Well! Wouldn’t you know. Coincidentally… do you believe in coincidence? Maurice Blanche, mentor to Maisie Dobbs, says that coincidence is the messenger of truth… but coincidentally, my Shelf Awareness email of the day opens with the following quotation from NPR’s Andrei Codrescu:
I’m reading a new book I downloaded on my Kindle and I noticed an underlined passage. It is surely a mistake, I think. This is a new book. I don’t know about you, but I always hated underlined passages in used books…. And then I discovered that the horror doesn’t stop with the unwelcomed presence of another reader who’s defaced my new book. But it deepens with something called view popular highlights, which will tell you how many morons have underlined before so that not only you do not own the new book you paid for, the entire experience of reading is shattered by the presence of a mob that agitates inside your text like strangers in a train station.

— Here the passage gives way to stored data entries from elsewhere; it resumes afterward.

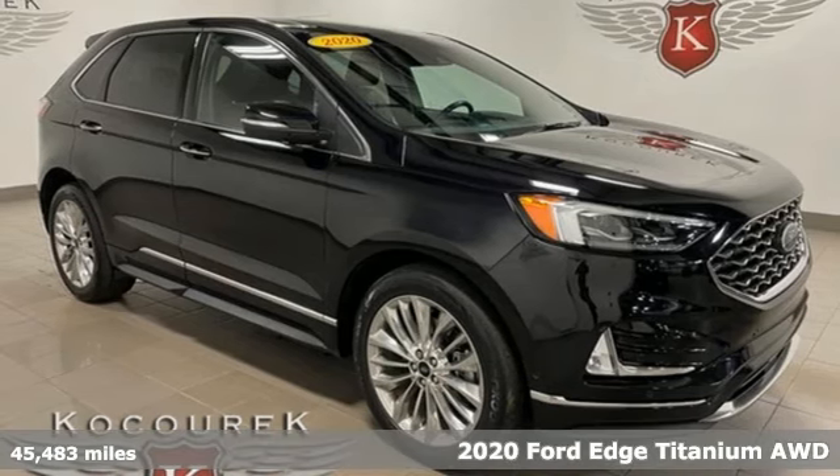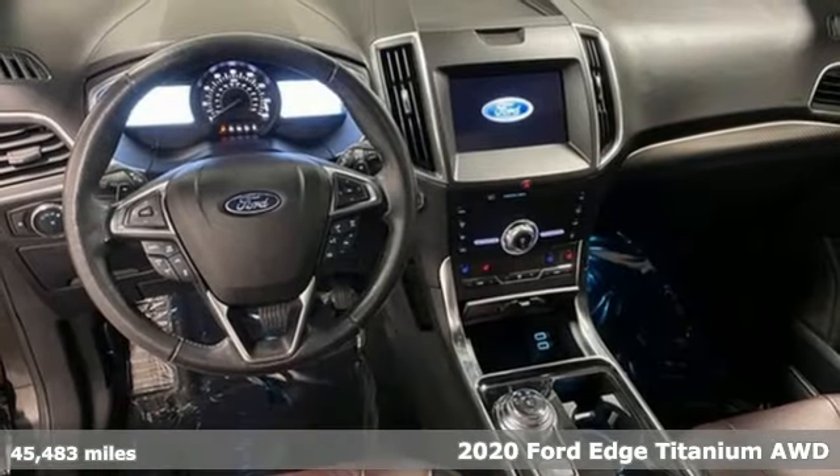It's a 2020 Ford Edge. Every generation has its Ford. This one's yours.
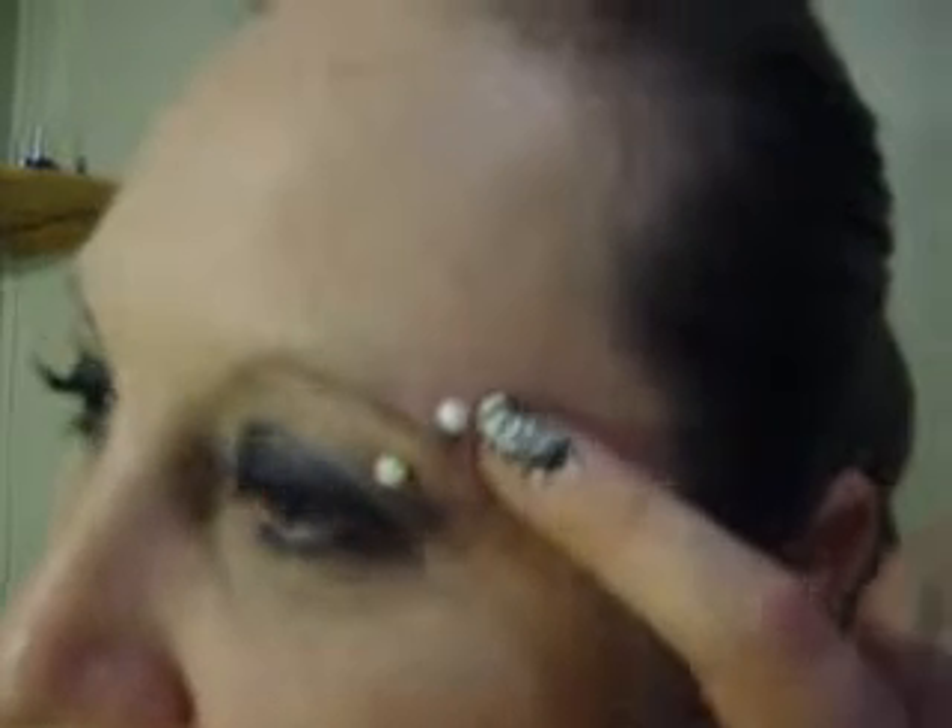I got a couple of nail polishes and I got a new eyebrow ring. The little pink things on there are little hearts. I've been without an eyebrow ring for a long time because I lost the ball that went on my eyebrow ring, so I haven't been able to wear it.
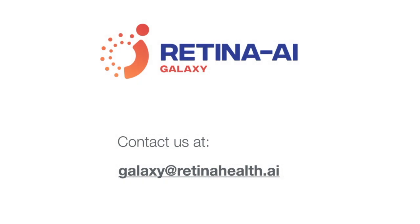For more information on the Retina AI Galaxy, please send us an email and someone will get in touch with you. The Retina AI Galaxy is an investigational device which has been validated in a prospective multi-center clinical trial in the U.S. It is currently being reviewed by the FDA for marketing clearance.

“So now you can add to the ease of downloading an e-book the end of the illusion that it is your book. The end of the privileged relation between yourself and your book. And a certainty that you’ve been had. Not only is the e-book not yours to be with alone, it is shared at Amazon which shares with you what it knows about you reading and the readings of others. And lets you know that you are what you underline, which is only a number in a mass of popular views…. Conformism does come of age in the most private of peaceful activities–reading a book, one of the last solitary pleasures in a world full of prompts to behave. My Kindle, sugar-coated cyanide.
–Andrei Codrescu on NPR’s All Things Considered
How’s about that, hm? Rather a different take on Sam Anderson’s concept that I discussed in yesterday’s post. Just thought you might be interested. I fully sympathize with Codrescu’s feelings about having other readers’ impressions imbedded in what I’m reading: it clouds my experience. Even if I do care what another reader thinks, I want to hear about it after I’ve read the work myself, unsullied, the first time. What do YOU think about writing in books? Sometimes, never, always? Of course only in books that belong to you. Right?!